# In Praise Of The Seiko 66 - 8050



## dowsing (Sep 21, 2006)

In praise of the Seiko 66 - 8050

Not long ago I was fortunate enough to find a Seiko 66 - 8050 from September 1968 still with it's original beads of rice bracelet. By no means an uber-expensive watch I think that this is an under looked design classic which can still be picked up very reasonably today, especially when you see the prices that some vintage Seiko's are going for these days.

The watch measures 36mm in diameter with 18mm lug width and is equipped with a very reliable manual wind movement. Mine is fitted with a silver dial although I believe that they had a black dial version also.
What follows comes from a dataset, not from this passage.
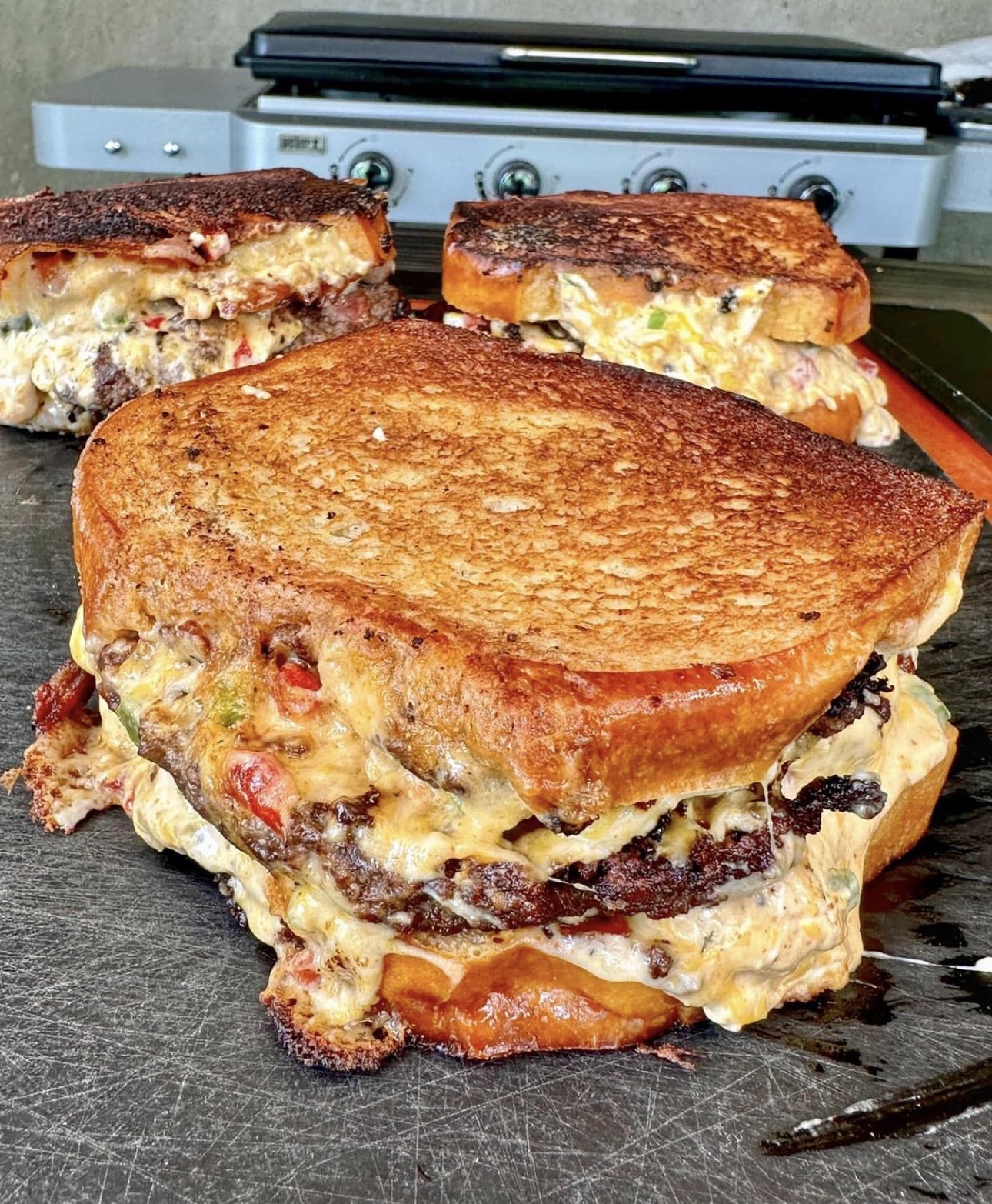 Indulging in some delicious patty melts!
What drew me to the watch was it's classic and stylish design and at some point I shall put this in for a service and clean up. Are there any other owners on here that could share some photo's and experience of this model?

Here are some photo's.


----------



## delays (Jan 20, 2009)

Not an owner I'm afraid, but you've just inspired me to add this to "the list" of future buys.

Stunning.


----------



## martinzx (Aug 29, 2010)

I am not an owner, but I could/would be, great watch & understated, I like it 

Cheers Martin


----------



## johnbaz (Jan 30, 2005)

Hi Carl

They're great li'l watches, I have two and a few 6602 as well..










6602



















another 6602..










I haven't got pics of the others :wallbash:

John :yahoo:


----------



## dowsing (Sep 21, 2006)

Thanks for the replies guys. John I really like the look of those 6602's as well very nice and thanks for sharing the pics.


----------



## scottswatches (Sep 22, 2009)

I was doing some research on a recent purchase, and found this thread. As it happens the one I own is a black one, so I thought I would add some pics









I know it is an old thread, but it keeps the information all in one place! I have to agree it is a nice watch, very Omega Constellation feel to it


----------



## dowsing (Sep 21, 2006)

Looks great and you've got the original bracelet.


----------



## mach 0.0013137 (Jan 10, 2005)

I have this one which I really like...

*Seiko 6602-7040-P, 17 Jewels, made in October 1967*


----------